Olympic Village Giant Sparrows Signify Fragile Ecology and Biodiversity

Located in the common area shared by the Olympic Village’s Community Centre, the Salt Building and retail floor spaces is a plaza where it will become a people’s gathering place for the entire Southeast Falsecreek area.

Here out in the plaza, you will also find Vancouver artist Myfanwy MacLeod’s two larger-than-life sparrows (or ‘The Birds’) painted with the true colors of the small bird that was introduced to North America from England in the 1800s.

Since then, sparrows have multiplied so much that they crowded out other native species, upsetting the ecology and biodiversity of the continent. MacLeod’s pair of giant sparrows (one male and one female) are 18 ft. tall and they dwarf visitors to the plaza.

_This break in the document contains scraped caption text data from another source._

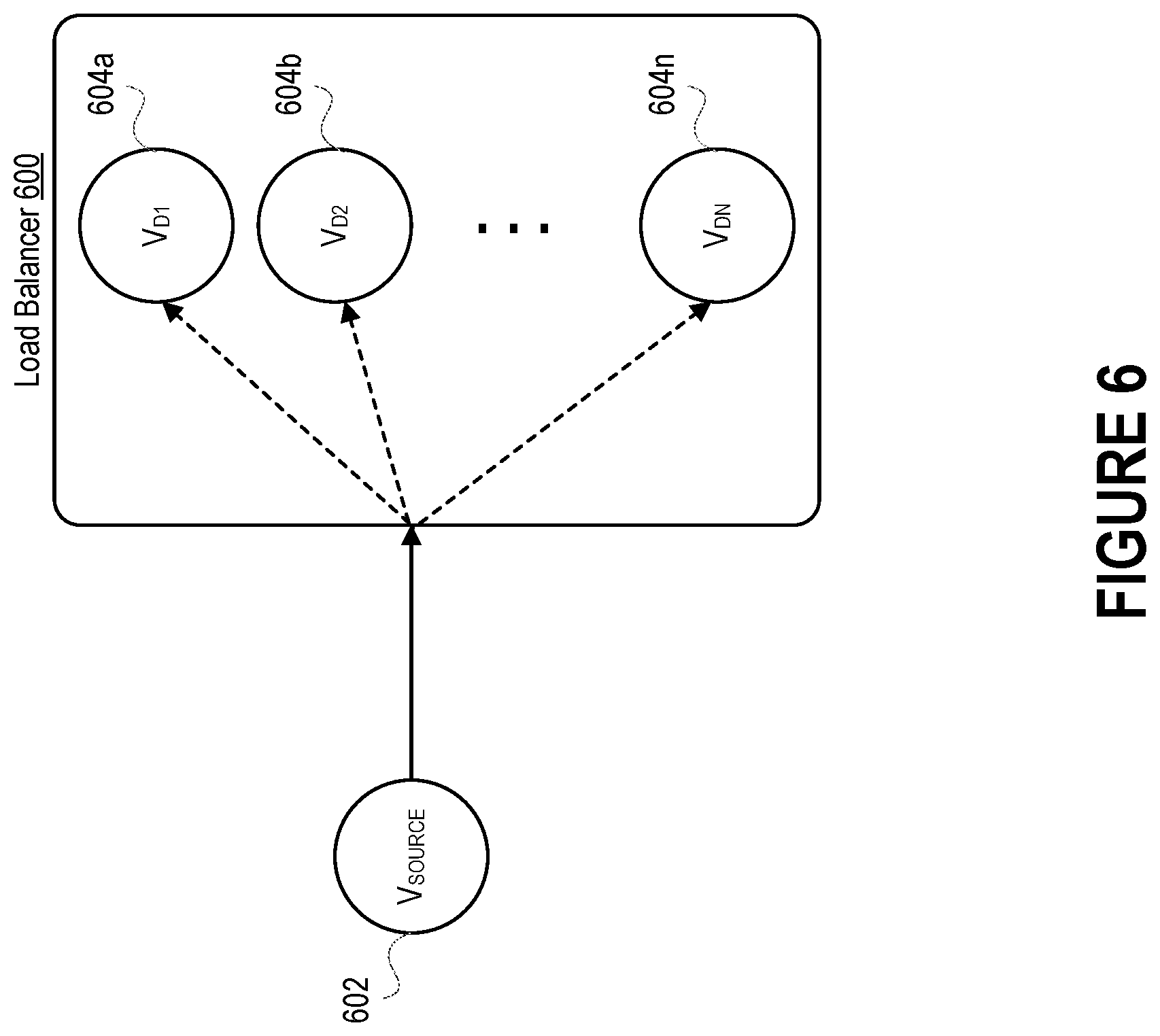 Patent US12375373 Figure 7 – Distributed packet deduplication
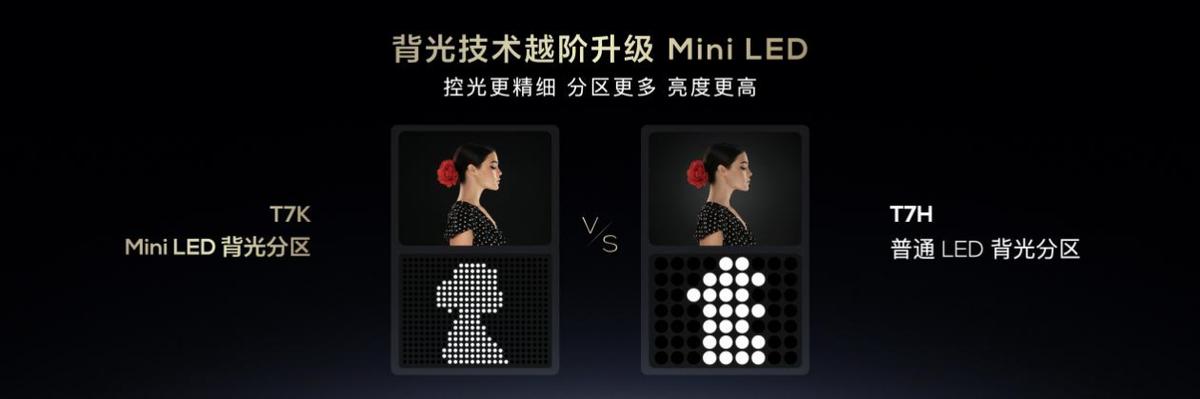 2024年电视画质升级：TCL T7K真XDR Mini LED电视引领高画质新时代  第3张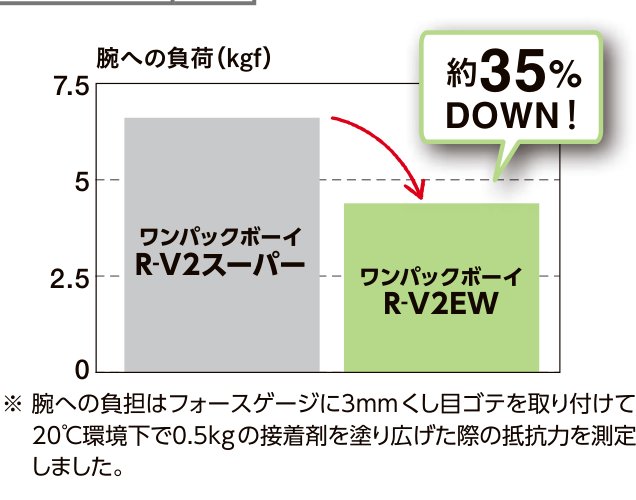 はるかべ工法専用接着剤 腕への負荷比較グラフ:R-V2スーパー比でR-V2EWは腕への負荷が約35%DOWN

The sculptor said the idea of making the small bird bigger was to underline the message that when a foreign specie is introduced, it could wreak havoc upon the native eco-system and make us aware of the interdependence of nature. MacLeod’s message couldn’t be more appropriate for the Southeast Falsecreek site which was an industrial wasteland that was very much polluted before the Olympic Village was built.

In developing the Millennium Water project, special attention was paid to environmental impacts, both in the past and in the future. The whole site was designed to follow LEED Gold and Platinum guidelines. An artificial man-made Habitat Island was also created to encourage the growth of habitat both on land and in the water.

It was recently discovered that herring eggs are beginning to appear in the once dirty Falsecreek shoreline. Not co-incidentally, the Olympic Village was recognized as the World’s Greenest Neighborhood.